In a world that seems increasingly about technology itself, it has become tempting to assume that the questions and challenges of new and better information products is about the technology.  While it is true that technology is the key enabler of the new information world we are building, it is also true that the decision making and judgment involved in how that technology is to be organized and deployed is of equal–and not decreasing–importance.  Indeed, as the products move toward increasing sophistication and flexibility–smart content you might say–the importance of the human and organizational parts of the information life cycle become even more important. 

It is a truism that you cannot deliver information products you can’t create and manage, and with the circle of participants in that creation and management ever widening, we must be sensitive to the limits of the creators.  Moreover, while just "getting it up on the web" used to be at least sufficient to justify deployment of information products, today’s information consumer has a much more extensive and demanding list of features required before he will accept web-based information.  The publisher who forgets  or ignores that list is for trouble.

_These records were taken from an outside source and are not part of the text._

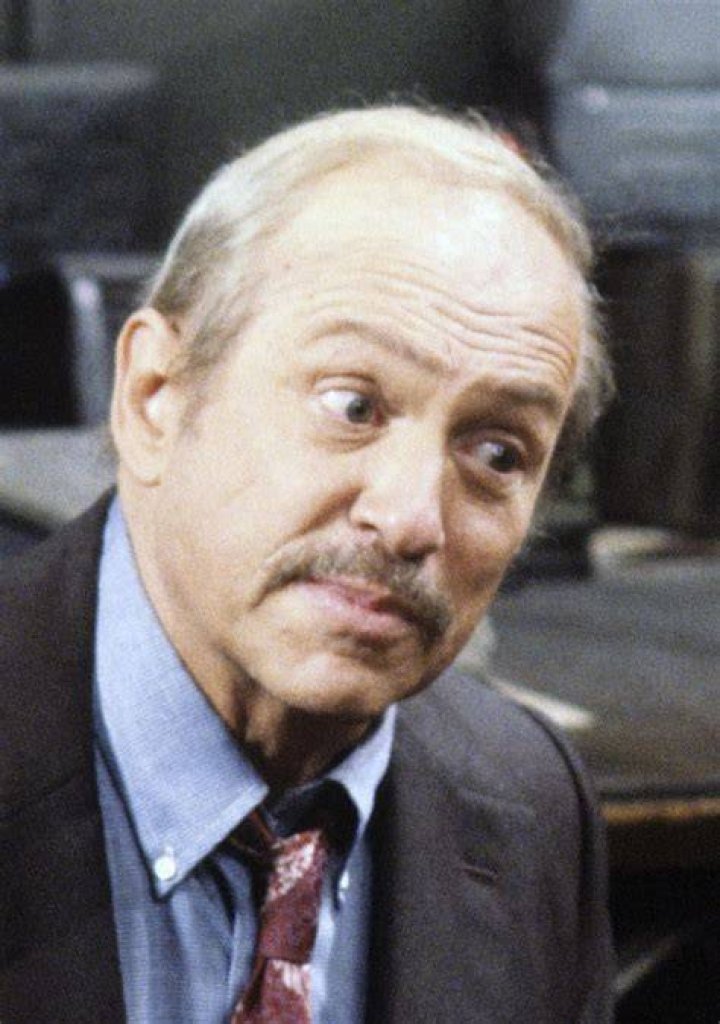 Stefan Gierasch: A Comprehensive Look at the Life and Career of the Esteemed Actor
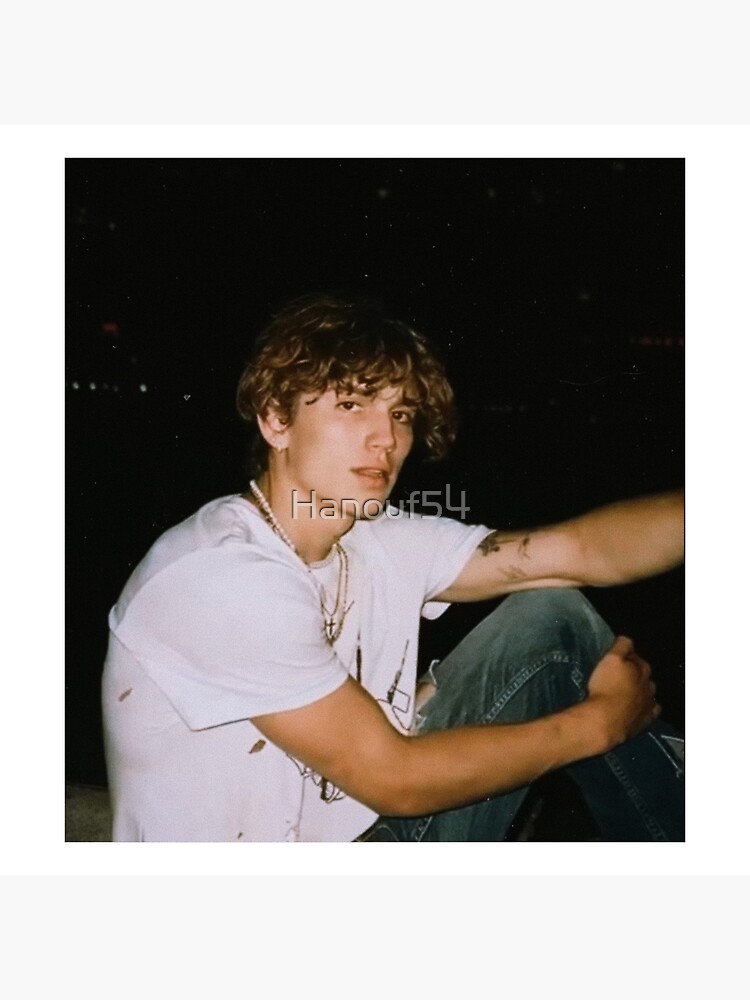 artwork Offical Vinnie Hacker Merch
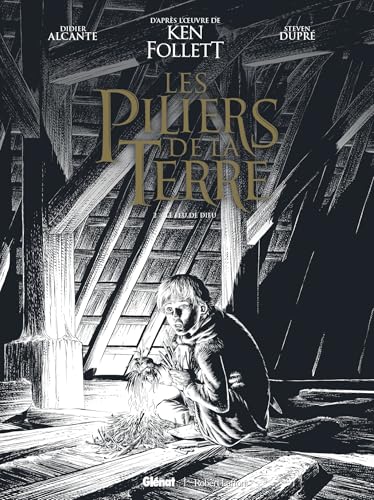 jaquette livre Les Piliers De La Terre Tome 2 - Le Feu De Dieu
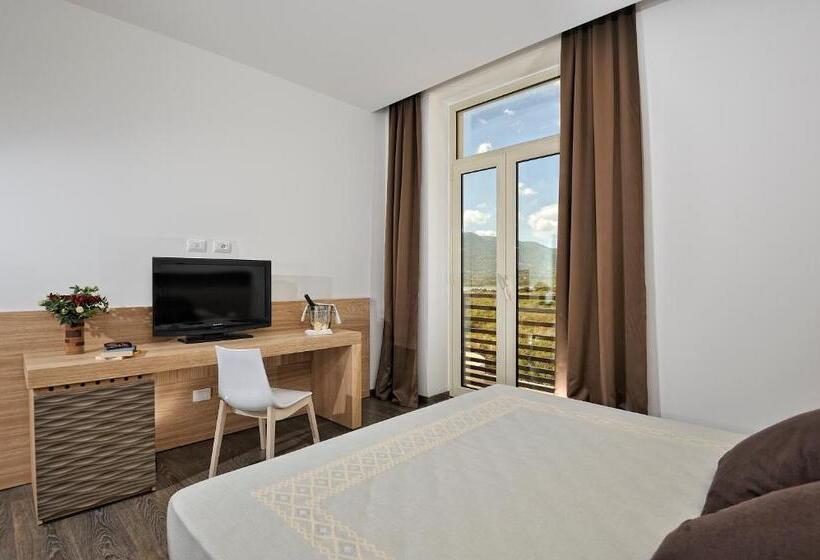 חדר סטנדרט נוף לים, Club Torre Salinas   Adults Only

In a half-day session preceding the Gilbane conference next week, the Gilbance consulting team will tackle some of the real world challenges inherent in this rapidly changing information world, providing both sign posts for issues likely to come up and "in the trenches" suggestions for how to deal with them.  The goal of the session, scheduled for the afternoon of December 1, is that the attendees leave with a better handle on how to proceed in the quest for better information products and the role "smart content" should play. 

The presenters, in addition to their expertise in the technology and tools of information, bring a unique resource to their efforts: years of design, implementation and evaluation of real organizations facing real challenges.